I’ve subscribed to the method because I've seen the sincerity in which the believers believe it and some of their outcomes. Having people who had worse or similar problems to me emerge as coherent, reformed people seems to me to be a fantastic result. Sometimes, though, my own mind gets in the way of some of it - that's my trouble.
The name of the programme 'Help Me Stop' it's about you. I know that the work is done by ourselves. Yes, the responses from others around you help you, but fundamentally it's down to us. You can't do it just through willpower alone like I used to think.
The urge to drink or go and do some lines doesn't really go away, it just recedes. So the question is, how do you identify the behaviours that are likely to make you want to do it? And what do you do to stop them? The consequences are really big; I haven't lost everything, but other people have, and that's awful to see.
Do you feel more equipped moving forward?
Just before coming here today I was with my trainer who is now 9 years clean. He said the first two years of getting clean were most difficult. I've stopped counting how many days clean I am because I had one lapse after I did my 60 days, so I've sort of gone back to the beginning again. But that's okay.
How do you feel towards yourself after this programme?
I think I'm definitely calmer, less irritable and more inclined to give people the benefit of the doubt. If you come here for days on end and spend a lot of time questioning what you've been doing, it's quite tiring. You can feel a bit 'blah' at the end of the day - it takes it out of you.
But time is crucial. I never had the concept before coming here that when people say 'it really is one day at a time' - they really mean it. Most people don't think of the world like that, but these people do and it really helps. After a few months, your skin's better, you sleep better, you get up earlier and you can do your tasks. You don't put everything off and you can address your problems. Good, kind people that you will have discovered in a similar position to you help you with the problems of your life. This is all a revelation to me, and it’s very powerful.

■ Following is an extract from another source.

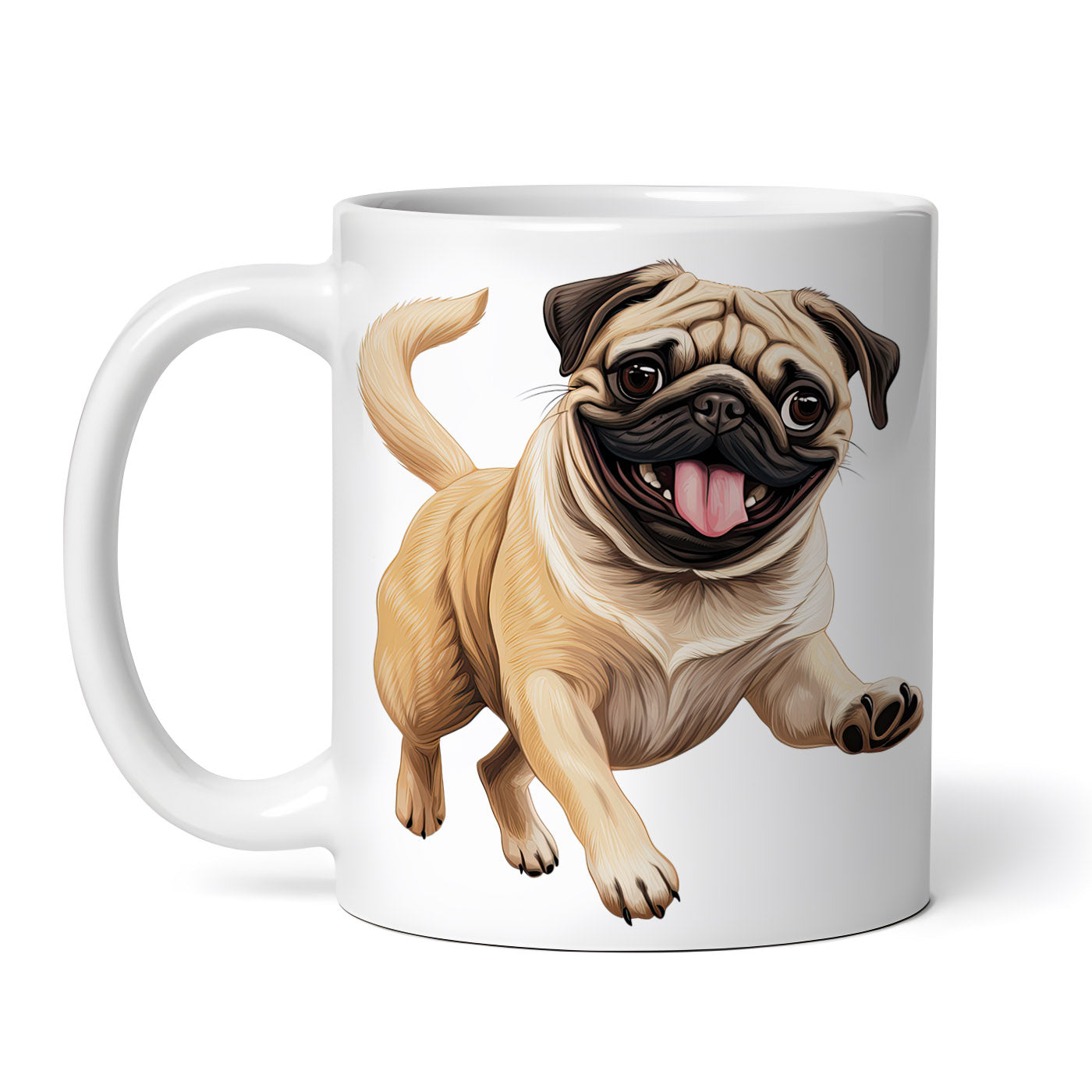 029c651ead494385288d52ceb22bc33c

I think it has helped me. I have done a shameful thing and it haunts me, and the consequences will be with me for the rest of my life and the rest of other people's lives. I don't know what the answer is, other than to try and open my heart and say 'forgive me'. The pressure of it never goes away.
I have a problem with substances. I don't think I've had anything like the scale of addiction that other people I've met have. It's that connection with having a busy day at work, being stressed and taking an addictive substance in order to relieve the stress. People get addicted because drugs work.
What would you say to someone suffering and looking at Help Me Stop as an option?
I would definitely recommend it. I really would. It's a new programme and I wasn't sure what I was getting involved in and I think, in retrospect, that I was pricklier and more difficult when I came here than now. I think you give it time; you take what is being done for you seriously and I defy anyone to think it's not a fantastic and really useful programme that will have positive benefits on how to live your life.
Once people have decided they need help, that's a huge first step. You're on the path to reform and self-knowledge. Once you start understanding why we behave and do what we do, then you've got a chance at making it better. No life is lost.